Por isso, ele avalia que o início da vacinação com formas bivalentes no Brasil ainda é extemporâneo.
"Analisando os benefícios junto ao custo, dar um reforço no sentido de recuperar a imunidade é melhor, mas não é fundamental [agora]. Hoje, recuperar as parcelas da população que ainda não completaram o esquema primário vacinal [duas doses] ou não iniciaram a vacinação, como as crianças abaixo de 5 anos, é fundamental", diz.
Para a infectologista Rosana Richtmann, do Instituto de Infectologia Emílio Ribas, uma vacinação conjunta Covid e gripe deve ser uma boa estratégia, pois geraria uma mobilização única das equipes e da população, que não terá que ir duas vezes ao posto de saúde.
Mesmo que não seja possível saber como o coronavírus irá se comportar, pois os últimos dois anos e meio foram atípicos para um vírus respiratório, ela defende que a estratégia contra o vírus contemple a atualização dos imunizantes.
"Estamos vendo já um aumento no número de casos no Brasil, mas mesmo se o próximo vírus dominante não for o mesmo que está em circulação agora, três anos é muito tempo para continuar utilizando a vacina monovalente sozinha, por isso acredito que é preciso pensar na estratégia [de reforço] bivalente", diz.
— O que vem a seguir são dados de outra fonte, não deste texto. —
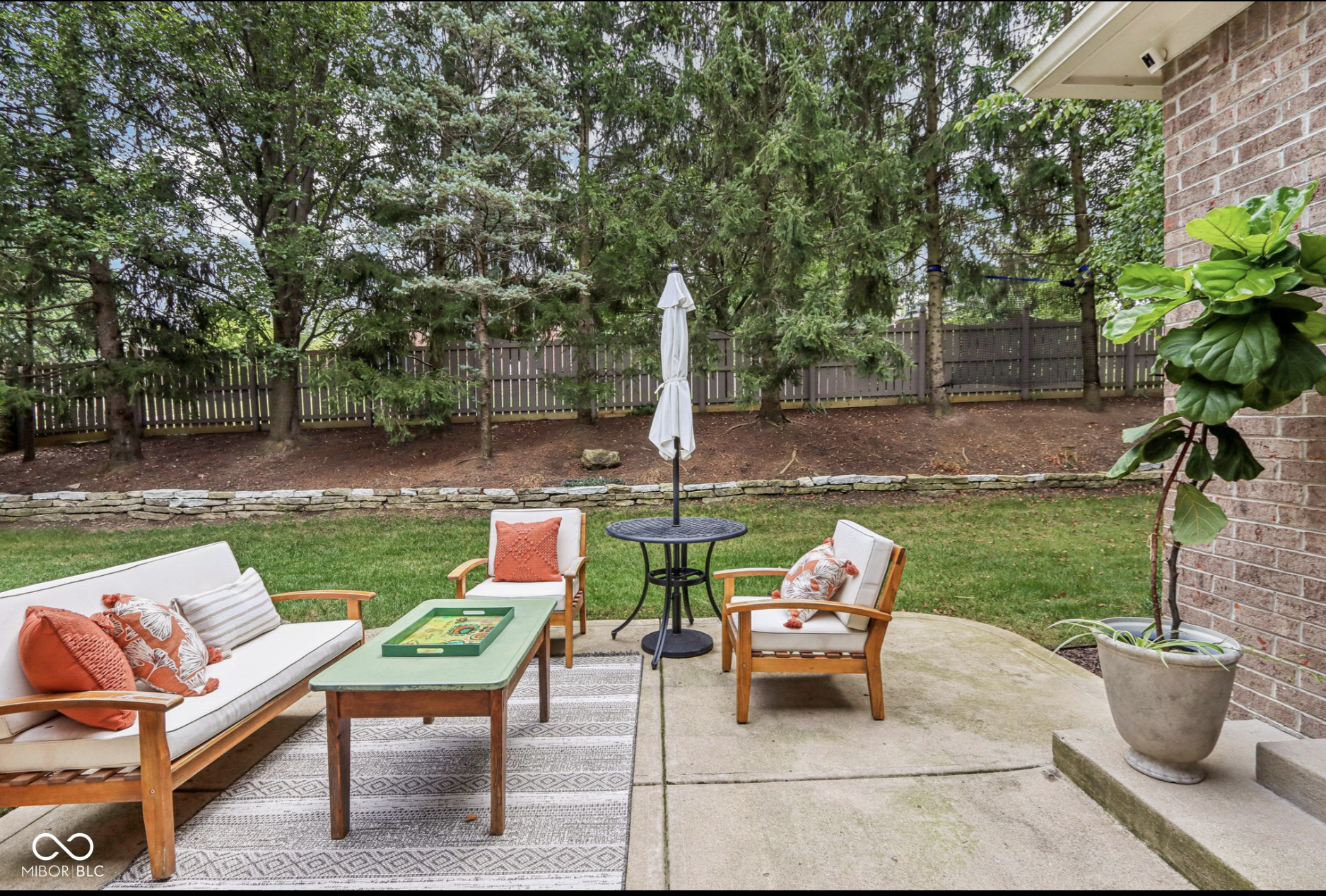 10707 Burning Ridge Lane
Estratégia ainda está em discussão, diz ministério O Ministério da Saúde disse, por meio de nota, que a "estratégia de vacinação para o próximo ano está em discussão pelo PNI", assim como as doses necessárias para "garantir a continuidade na imunização contra Covid-19".
Disse, ainda, que a pasta "monitora permanentemente a evolução das coberturas vacinais" em todas as idades e reforça "a importância da 2ª dose e dose de reforço para garantir a máxima proteção contra o vírus".
A Pfizer enviou pedido para autorização do uso da vacina bivalente contra Covid à Anvisa (Agência Nacional de Vigilância Sanitária) no dia 19 de agosto, mas até agora não houve resposta.
Questionada, a Anvisa informou, também por meio de nota, que o processo segue em análise e que "solicitou o apoio de sociedades médicas para a avaliação dos dados e emissão de parecer".
O órgão reitera ainda que considera as avaliações de outras agências internacionais no pedido e que, "no caso de uma autorização para uso emergencial, o processo será ainda encaminhado para deliberação pela diretoria colegiada".